Taking voting rights away from criminals is a practice as old as democracy itself. University of Minnesota sociologist Chistopher Uggen said it's common around the world.
"The logic is akin to banishment," said Uggen. "You cast out the offender."
Of course, preventing offenders from casting ballots does shrink the pool of voters, especially within certain demographic groups.
Sarah Walker is chief operating officer of the Minneapolis agency 180 Degrees, which helps ex-offenders make the transition back into society. Walker said in the last statewide election, about 2 percent of Minnesota's voting-age population was affected by the law that prohibits inmates, parolees, and probationers from voting.
"Two percent might not seem like a huge number, but when you break down the numbers, that's 14 percent of the African-Americans in Minnesota and 25 percent of the African-American men," said Walker.
Some of the men who can't vote Tuesday live above Walker's basement office, in a halfway house operated by 180 Degrees. Walker said crowds formed around the television during the presidential debates.
In the dining room one recent morning, Aaron Cokely said he's been following the presidential race religiously since the Iowa caucuses. Cokely said his interest in the election is undiminished by the fact that his probation will keep him from voting.
"Even though I can't vote, there are still things I can do," Cokely said. "I can rally support for my candidate, I can give money to the campaign, I can give moral support, stuff like that. There's stuff you can do."
Another agency that helps ex-offenders adjust to society is Goodwill Easter Seals. Andre Corbett works for Goodwill, leading a work readiness program for former inmates.
Corbett showed a visitor around the agency's sprawling warehouse in St. Paul's Midway neighborhood, where forklifts moved huge bundles of clothing.
Corbett is equipped to work with ex-offenders in part because he is one -- having spent three and a half years in state prisons in St. Cloud, Rush City, Moose Lake, and Faribault.
Corbett said political interest actually runs pretty high in prisons, especially when it comes to policies that affect the job market inmates plan to enter upon release. Corbett has voted only once, in 2000, and is excited about casting a ballot on Tuesday.
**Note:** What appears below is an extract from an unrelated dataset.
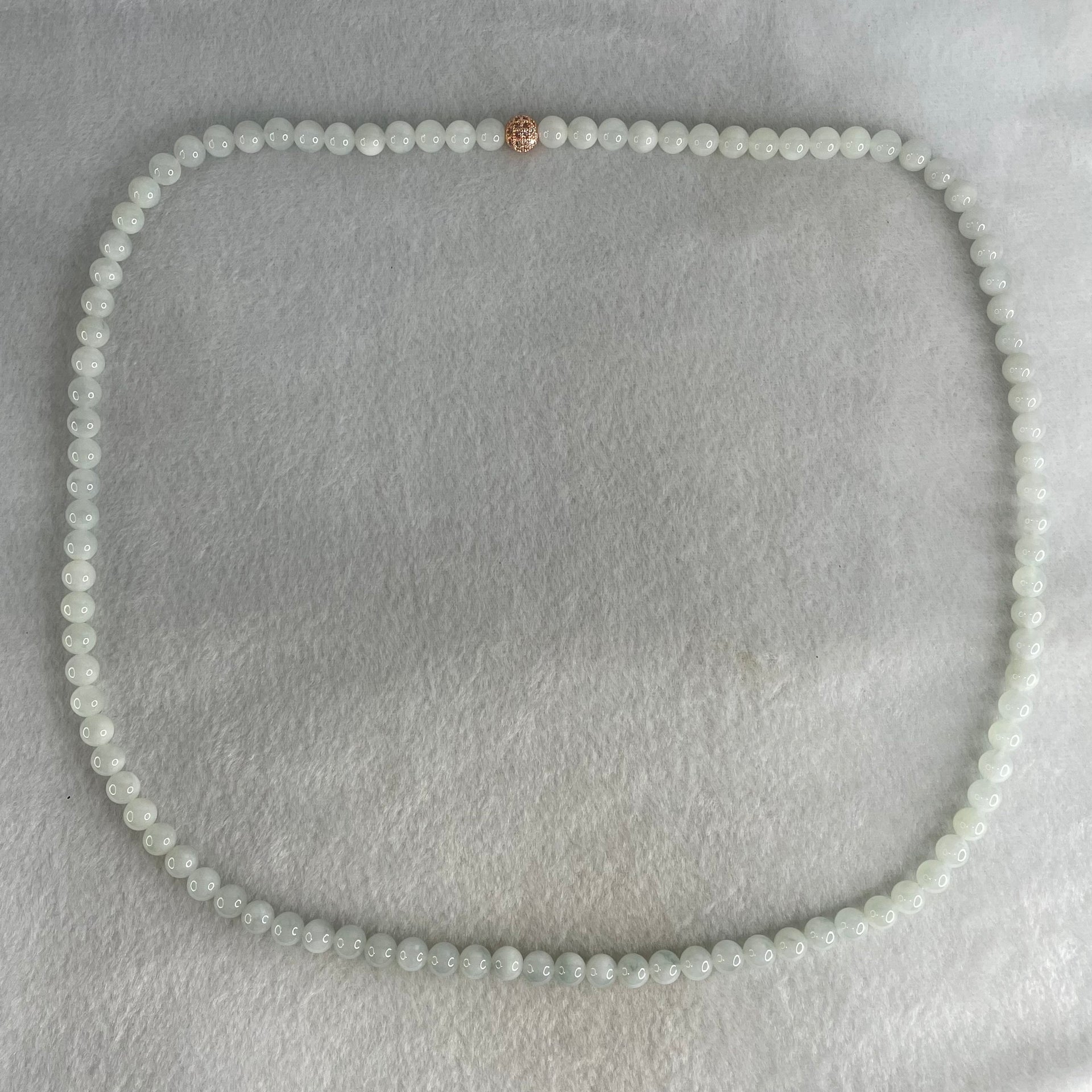 Type A White to Faint Blue Jadeite Beads Necklace 60.62g 66cm 7.0mm 98 Beads - Huangs Jadeite and Jewelry Pte Ltd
"I got off parole Aug. 1, and I went and voted in the primaries," said Corbett. "That was probably the proudest I'd felt in quite a while -- just being able to have the sticker and go in and check it off."
“I got off parole Aug. 1, and I went and voted in the primaries. That was probably the proudest I'd felt in quite a while.”Andre Corbett
Corbett even enjoys calls from campaign offices, relishing the chance to tell them yes, he will be voting on Nov. 4.
But many other former inmates don't realize that once they're released from parole or probation they're again eligible to vote in Minnesota.
Sarah Walker of 180 Degrees said her group has banded together with others in a Restore Your Vote Coalition that's working with Minneapolis and Hennepin County to educate potential voters.
Walker said the county will soon begin including voter registration cards in materials that are sent to former inmates when they complete their probation.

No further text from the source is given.